Worship leaders must be able to simultaneously worship while leading others. Nicholson discovered this key value. While not stating a preference in his work regarding many of the factors church attendees and leaders can get caught up with—gender, color, clothing, etc.—the key take-away for Nicholson was whether or not the leader(s) themselves were engaged in worship. It is clear to church attendees, or at least it was to Nicholson, when leaders are performing rather than worshipping. Vital also is preparation to the degree needed for the leader to be comfortable and confident in the leadership role. This does not necessitate perfection as, again, leading worship is not a performance. What was valuable to worship participants, Nicholson concluded, was a leader who was able to take the focus off of themselves and place it squarely on the God they and the congregation are worshipping. It takes a unique type of preparation for the leader to communicate and elicit participation within a worshipping body. A leader with their hands in their pockets while leading the congregation can be enough to send a young adult looking for a different type of worship leadership and a different church. Nicholson found these types of nonverbals speaking loudly.

Throughout my own experiences leading worship with the direction of several worship ministers over the years, one of the most poignant pieces of advice has been to lead out of overflow. The folks at PursueGod.org offer a brief article highlighting this key point. Leaders cannot lead others to places they have not already visited. The Zoe Group of acapella Christian worship leaders has a song entitled “Overflow,” which also simultaneously instructs and offers an experience of this very important aspect. The story of Jesus creates such joy—how can people help but let this joy overflow in response and in worship right back to Jesus?!

Emma Walls, also a first year student at ACU, wrote a professional-style review of Barbara Brown Taylor’s 2006 book Leaving the Church: A Memoir of Faith. The book has been around a while, but Walls found Taylor’s narrative reflection a useful partner for her own. Of course it’s helpful! It’s the Barbara Brown Taylor.

Walls shares her perception of Taylor’s experiences in church as a leader “trying to fulfill God’s place in people’s hearts,” and the “overwhelming exhaustion and emptiness” a person is met with when they are bearing a leadership burden in this way.[2] As a wise young adult searching for her own seat at the table of “church,” Walls explored Taylor’s story as one who “became hyper-attentive to the needs of the church while neglecting the one who called her to ministry in the first place.”[3]

Walls highlights Taylor’s story, demonstrating to readers how she had to be willing to relinquish her aspirations of power and position within the church to regain the joy and passion she had primarily exuded in her walk with the Lord. Walls confessed in her review to feeling both encouraged and challenged: encouraged that there is more to faith than moral and practical legalism, and challenged to live into this with grace that represents the true beauty of walking with the Lord.

Many entering ministry fear burnout or have a sense that genuine portrayals that do not seek to hide the truth are too vulnerable and risky. Walls clearly values this quality in Taylor’s work, saying Taylor “challenges readers to put themselves inside the pages and walk alongside her difficult journey of discovering what it means to be a human in church and not the church to humans.”[4] A priceless and nimbly worded observation, indeed.
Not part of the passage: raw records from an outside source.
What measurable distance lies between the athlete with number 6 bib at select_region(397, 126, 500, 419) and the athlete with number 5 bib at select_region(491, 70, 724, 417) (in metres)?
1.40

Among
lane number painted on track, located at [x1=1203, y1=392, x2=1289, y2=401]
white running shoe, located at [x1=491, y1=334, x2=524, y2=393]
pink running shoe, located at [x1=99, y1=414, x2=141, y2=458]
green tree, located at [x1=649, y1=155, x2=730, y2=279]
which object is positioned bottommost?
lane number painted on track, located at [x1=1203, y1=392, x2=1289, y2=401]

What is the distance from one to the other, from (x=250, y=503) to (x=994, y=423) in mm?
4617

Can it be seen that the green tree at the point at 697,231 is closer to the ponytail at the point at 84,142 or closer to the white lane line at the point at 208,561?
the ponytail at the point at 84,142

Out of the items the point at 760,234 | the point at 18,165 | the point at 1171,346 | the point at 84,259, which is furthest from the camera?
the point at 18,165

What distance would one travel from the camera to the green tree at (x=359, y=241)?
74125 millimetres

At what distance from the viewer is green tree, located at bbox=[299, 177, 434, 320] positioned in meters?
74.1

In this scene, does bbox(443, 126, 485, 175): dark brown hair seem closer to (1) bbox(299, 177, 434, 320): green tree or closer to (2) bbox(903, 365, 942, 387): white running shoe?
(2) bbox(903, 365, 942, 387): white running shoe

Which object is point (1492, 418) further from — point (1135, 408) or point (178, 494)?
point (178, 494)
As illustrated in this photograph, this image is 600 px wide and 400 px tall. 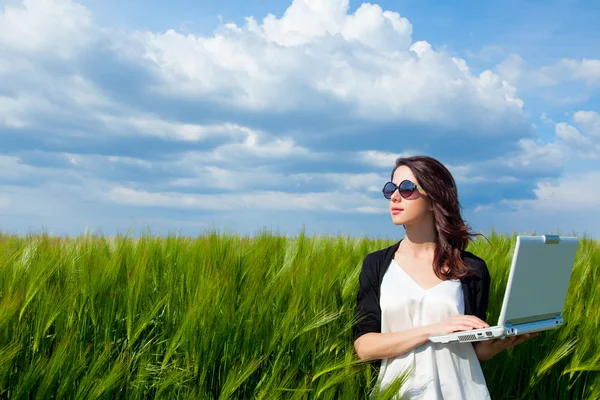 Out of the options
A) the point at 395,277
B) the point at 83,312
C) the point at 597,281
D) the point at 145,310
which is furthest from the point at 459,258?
the point at 597,281

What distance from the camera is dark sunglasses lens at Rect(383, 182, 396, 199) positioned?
103 inches

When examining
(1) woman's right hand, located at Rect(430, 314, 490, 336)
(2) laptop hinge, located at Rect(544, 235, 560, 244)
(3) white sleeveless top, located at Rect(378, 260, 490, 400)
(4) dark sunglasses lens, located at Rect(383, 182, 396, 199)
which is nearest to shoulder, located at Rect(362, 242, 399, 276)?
(3) white sleeveless top, located at Rect(378, 260, 490, 400)

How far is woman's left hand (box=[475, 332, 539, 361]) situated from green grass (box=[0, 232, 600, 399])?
0.52 metres

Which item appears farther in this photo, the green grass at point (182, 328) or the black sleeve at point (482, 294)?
the black sleeve at point (482, 294)

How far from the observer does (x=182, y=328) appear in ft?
8.16

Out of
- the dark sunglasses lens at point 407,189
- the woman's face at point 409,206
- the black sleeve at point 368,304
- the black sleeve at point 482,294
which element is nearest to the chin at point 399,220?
the woman's face at point 409,206

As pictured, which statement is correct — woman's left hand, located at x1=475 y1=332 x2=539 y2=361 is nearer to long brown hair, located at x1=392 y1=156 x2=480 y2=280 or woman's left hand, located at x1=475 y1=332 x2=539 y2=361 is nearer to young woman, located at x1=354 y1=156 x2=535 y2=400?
young woman, located at x1=354 y1=156 x2=535 y2=400

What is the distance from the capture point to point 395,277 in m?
2.56

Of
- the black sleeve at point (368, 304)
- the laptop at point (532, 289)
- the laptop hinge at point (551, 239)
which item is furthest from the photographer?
the black sleeve at point (368, 304)

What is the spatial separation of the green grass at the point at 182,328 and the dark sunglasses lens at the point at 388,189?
579 mm

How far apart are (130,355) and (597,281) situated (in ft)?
12.1

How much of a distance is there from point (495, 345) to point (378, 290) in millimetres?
560

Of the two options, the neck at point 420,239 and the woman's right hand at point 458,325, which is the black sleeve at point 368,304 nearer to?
the neck at point 420,239

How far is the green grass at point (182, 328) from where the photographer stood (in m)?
2.42
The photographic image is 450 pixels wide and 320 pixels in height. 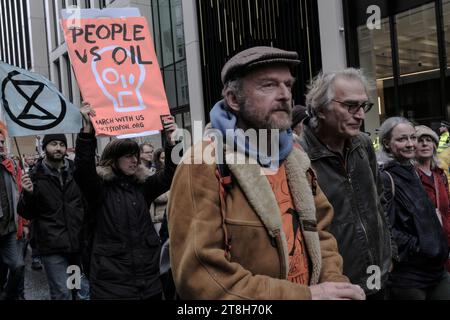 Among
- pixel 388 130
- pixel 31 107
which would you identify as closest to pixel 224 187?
pixel 388 130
“A Covenant Prayer in the Wesleyan Tradition” can be a helpful tool in the hip pocket of those deeply embedded in ministry. This tool invites us to remain cognizant of the fact that all ministry belongs to God and that God has thoughts and ways toward ministry that are higher than those of people (Isaiah 55:9). The Wesleyan Covenant Prayer can be a helpful prayer for the prideful or the faint of heart—undesirable yet inevitable realizations most people have about themselves at one time or another. Combined with the prayer of Psalm 131, the prayerful heart serves God with a willingness to be used, laid aside, or even criticized while remaining content, calm, and quietly receptive to the personal nurture of God’s own holy wisdom.
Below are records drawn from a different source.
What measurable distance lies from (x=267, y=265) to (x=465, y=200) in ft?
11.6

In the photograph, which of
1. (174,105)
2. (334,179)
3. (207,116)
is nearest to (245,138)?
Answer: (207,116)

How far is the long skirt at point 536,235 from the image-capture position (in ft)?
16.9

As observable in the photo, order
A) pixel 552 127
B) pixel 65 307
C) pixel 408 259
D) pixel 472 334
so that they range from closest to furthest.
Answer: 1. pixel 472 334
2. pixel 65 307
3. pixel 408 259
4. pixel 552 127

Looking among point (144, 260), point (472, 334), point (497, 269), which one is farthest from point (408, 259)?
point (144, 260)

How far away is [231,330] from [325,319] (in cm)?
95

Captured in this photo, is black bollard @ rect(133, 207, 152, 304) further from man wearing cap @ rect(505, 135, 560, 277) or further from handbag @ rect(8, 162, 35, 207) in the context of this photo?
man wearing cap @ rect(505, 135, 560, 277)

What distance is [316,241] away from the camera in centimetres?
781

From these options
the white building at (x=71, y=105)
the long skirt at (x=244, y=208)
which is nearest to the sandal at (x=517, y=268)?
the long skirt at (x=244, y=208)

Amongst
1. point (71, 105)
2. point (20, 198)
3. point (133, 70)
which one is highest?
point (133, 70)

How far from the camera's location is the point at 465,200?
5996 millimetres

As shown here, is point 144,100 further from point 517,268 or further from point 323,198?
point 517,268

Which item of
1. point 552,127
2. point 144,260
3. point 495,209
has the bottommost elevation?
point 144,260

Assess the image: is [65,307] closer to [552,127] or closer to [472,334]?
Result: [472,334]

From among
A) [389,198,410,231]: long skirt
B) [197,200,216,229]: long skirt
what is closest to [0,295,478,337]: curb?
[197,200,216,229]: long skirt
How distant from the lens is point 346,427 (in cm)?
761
Heartfelt gratitude and deep-seated confidence in both the present and the future of our churches extends to these two students for their earnest and sage reflections on their own journeys alongside the communities of faith of which they have been and continue to be a part. The Lord is clearly your God, and is evidently with you. Rest in God’s love knowing that at every moment God is singing over you, hands outstretched (Zephaniah 3:17).